From: | Erik Darling <edarling80(at)gmail(dot)com> |
---|---|
To: | James David Smith <james(dot)david(dot)smith(at)gmail(dot)com> |
Cc: | PGSQL-Novice <pgsql-novice(at)postgresql(dot)org> |
Subject: | Re: Update with last known location? |
Date: | 2014-01-29 16:02:01 |
Message-ID: | CAO+EYwKJBtNKEiO_MpSWjAkrJg2i40xNn_oPSUFKTC8XXjQYzw@mail.gmail.com |
Views: | Raw Message | Whole Thread | Download mbox | Resend email |
Thread: | |
Lists: | pgsql-novice |
I would re-suggest using a CTE to contain each dataset to ensure your
selects are distilling them correctly, and then using a final query to join
them. You can then either update your data directly through the CTE(s), or
insert the results to another table to do some further testing. I think
you'll find this method presents the data a bit more ergonomically for
analysis.
http://www.postgresql.org/docs/9.3/static/queries-with.html
On Wed, Jan 29, 2014 at 10:45 AM, James David Smith <
james(dot)david(dot)smith(at)gmail(dot)com> wrote:
> Hi Erik/all,
>
> I just tried that, but it's tricky. The 'extra' data is indeed coming
> from the right side of the join, but it's hard to select only the max
> from it. Maybe it's possible but I've not managed to do it. Here is
> where I am, which is so very close.
>
> SELECT
> DISTINCT(a.ppid, a.point_time, a.the_geom) as row_that_needs_geom_updating,
> max(b.point_time) OVER (PARTITION BY a.ppid, a.point_time) as
> last_known_position_time
> FROM
> test a
> INNER JOIN
> (SELECT ppid,
> point_time,
> the_geom
> FROM test
> WHERE the_geom IS NOT NULL) b
> ON b.point_time < a.point_time
> AND a.ppid = b.ppid
> WHERE a.the_geom IS NULL;
>
> If you see attached screen-print, the output is the rows that I want.

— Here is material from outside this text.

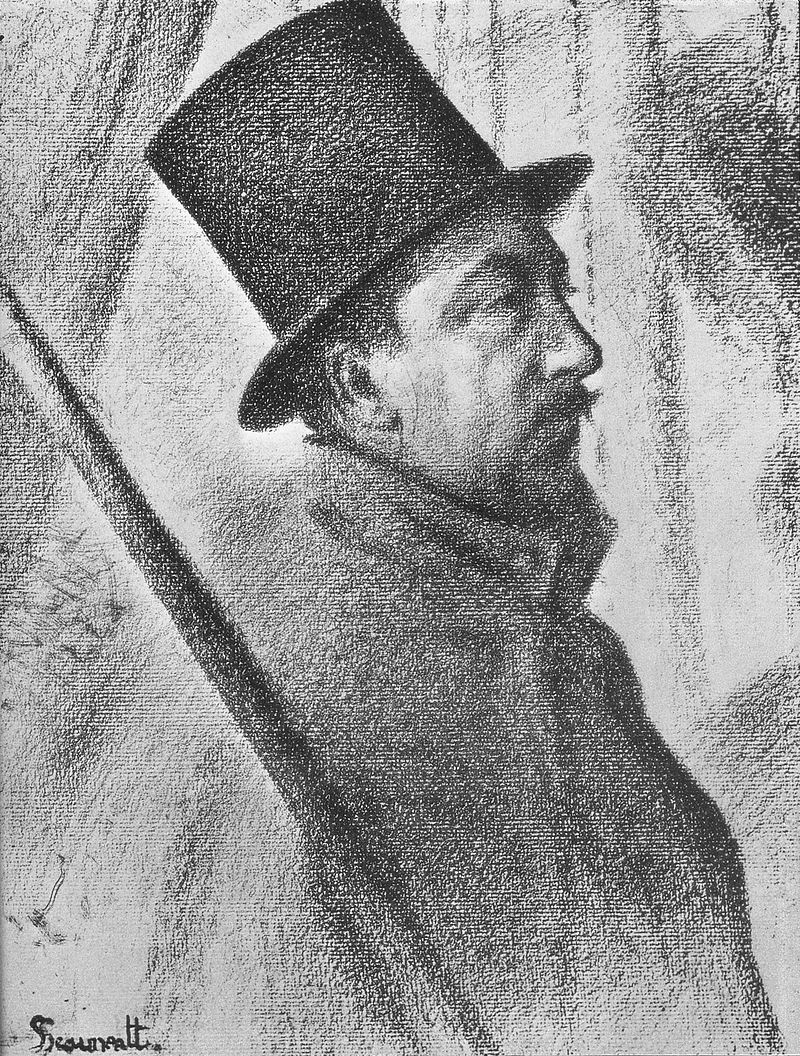 Georges Seurat portréja Paul Signac-ról (1990
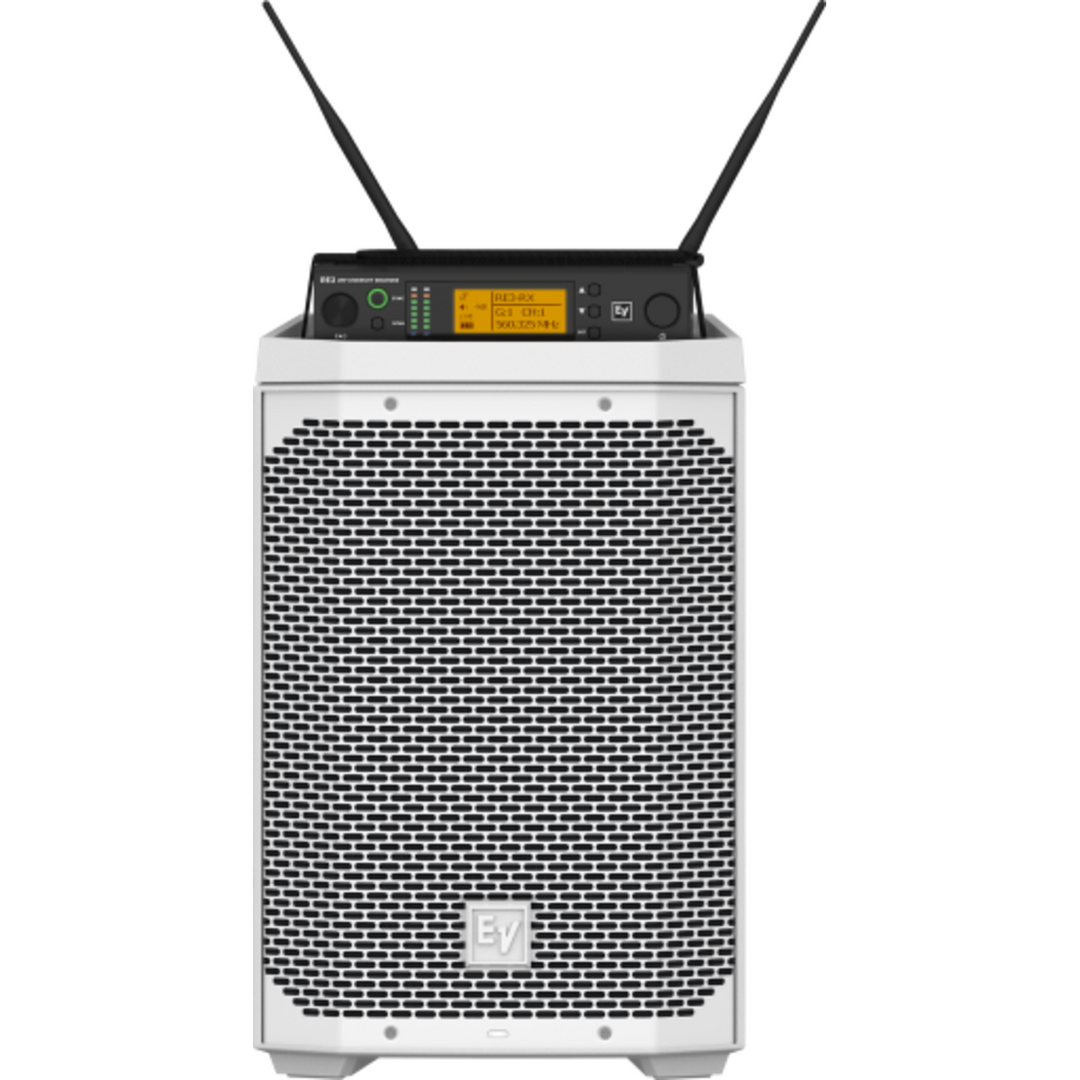 Electro-Voice EV 8 - batteri højttaler (HVID)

> However I've had to use DISTINCT to stop the duplication. Also I've
> not managed to pull through 'the_geom' from the JOIN. I'm not sure
> how. Anyone?
>
> But it's kind of working. :-)
>
> Worst case if I can't figure out how to solve this in one query I'll
> have to store the result of the above, and then use it as a basis for
> another query I think.
>
> Thanks
>
> James
>
>
>
> On 29 January 2014 12:56, Erik Darling <edarling80(at)gmail(dot)com> wrote:
> > I would try partitioning the second time you call row_number, perhaps by
> ID,
> > and then selecting the MAX() from that, since I think the too much data
> > you're referring to is coming from the right side of your join.
> >
> > On Jan 29, 2014 7:23 AM, "James David Smith" <
> james(dot)david(dot)smith(at)gmail(dot)com>
> > wrote:
> >>
> >> On 28 January 2014 23:15, Gavin Flower <GavinFlower(at)archidevsys(dot)co(dot)nz>
> >> wrote:
> >> > On 29/01/14 11:00, Kevin Grittner wrote:
> >> >>
> >> >> James David Smith <james(dot)david(dot)smith(at)gmail(dot)com> wrote:
> >> >>
> >> >>> Given the data is so large I don't want to be taking the data out
> >> >>> to a CSV or whatever and then loading it back in. I'd like to do
> >> >>> this within the database using SQL. I thought I would be able to
> >> >>> do this using a LOOP to be honest.
> >> >>
> >> >> I would be amazed if you couldn't do this with a single UPDATE
> >> >> statement. I've generally found declarative forms of such work to
> >> >> be at least one order of magnitude faster than going to either a PL
> >> >> or a script approach. I would start by putting together a SELECT
> >> >> query using window functions and maybe a CTE or two to list all the
> >> >> primary keys which need updating and the new values they should
> >> >> have. Once that SELECT was looking good, I would put it in the
> >> >> FROM clause of an UPDATE statement.
> >> >>
> >> >> That should work, but if you are updating a large percentage of the
> >> >> table, I would go one step further before running this against the
> >> >> production tables. I would put a LIMIT on the above-mentioned
> >> >> SELECT of something like 10000 rows, and script a loop that
> >> >> alternates between the UPDATE and a VACUUM ANALYZE on the table.
> >> >>
> >> >> --
> >> >> Kevin Grittner
> >> >> EDB: http://www.enterprisedb.com
> >> >> The Enterprise PostgreSQL Company
> >> >>
> >> >>
> >> > James, you might consider dropping as many indexes on the table as you
> >> > safely can, and rebuilding them after the mass update. If you have
> lots
> >> > of
> >> > such indexes, you will find this apprtoach to be a lot faster.
> >> >
> >> >
> >> > Cheers,
> >> > Gavin
> >>
> >> Hi all,
> >>
> >> Thanks for your help and assistance. I think that window functions,
> >> and inparticular the PARTITION function, is 100% the way to go. I've
> >> been concentrating on a SELECT statement for now and am close but not
> >> quite close enough. The below query gets all the data I want, but
> >> *too* much. What I've essentially done is:
> >>
> >> - Select all the rows that don't have any geom information
> >> - Join them with all rows before this point that *do* have geom
> >> information.
> >> - Before doing this join, use partition to generate row numbers.
> >>
> >> The attached screen grab shows the result of my query below.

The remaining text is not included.